:: Data section ::

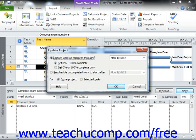In the Update Project dialog box that appears, you can select the Update Work as Complete Through option button first. Next, select the desired date to mark the work completed through by selecting the desired date from the adjacent calendar drop-down arrow.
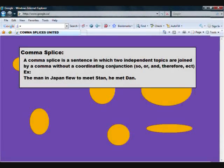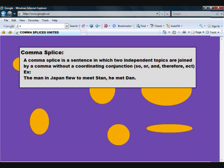I found this site that looks pretty legit. A comma splice is a sentence in which two independent topics are joined by a comma without a coordinating conjunction. Examples: so, or, and, therefore, etc.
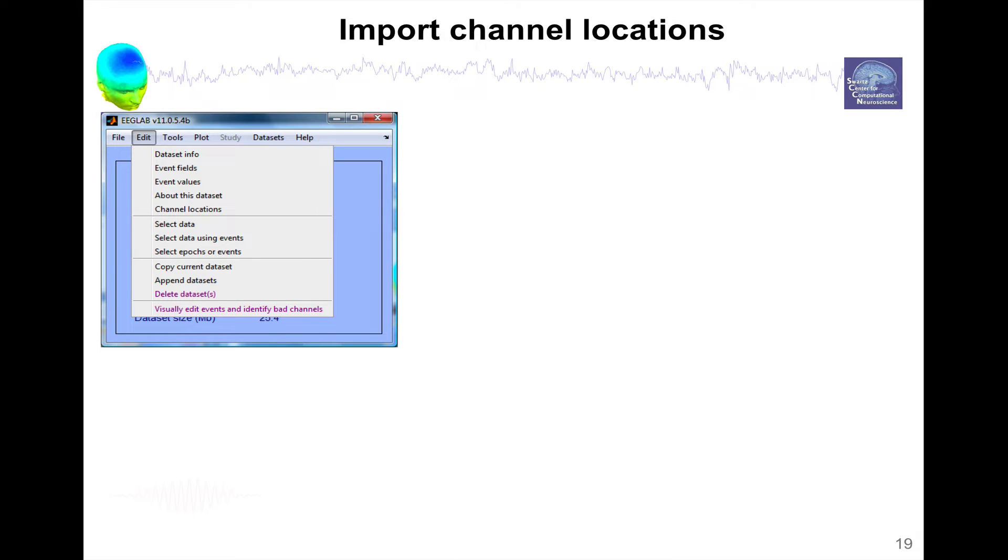To import channel locations, you go to the Edit menu, Edit, and then Channel Locations.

:::

• _Task goal_: Omit the pictures, and quote the material above exactly as given.

• _Problem solution_:
In the Update Project dialog box that appears, you can select the Update Work as Complete Through option button first. Next, select the desired date to mark the work completed through by selecting the desired date from the adjacent calendar drop-down arrow.
I found this site that looks pretty legit. A comma splice is a sentence in which two independent topics are joined by a comma without a coordinating conjunction. Examples: so, or, and, therefore, etc.
To import channel locations, you go to the Edit menu, Edit, and then Channel Locations.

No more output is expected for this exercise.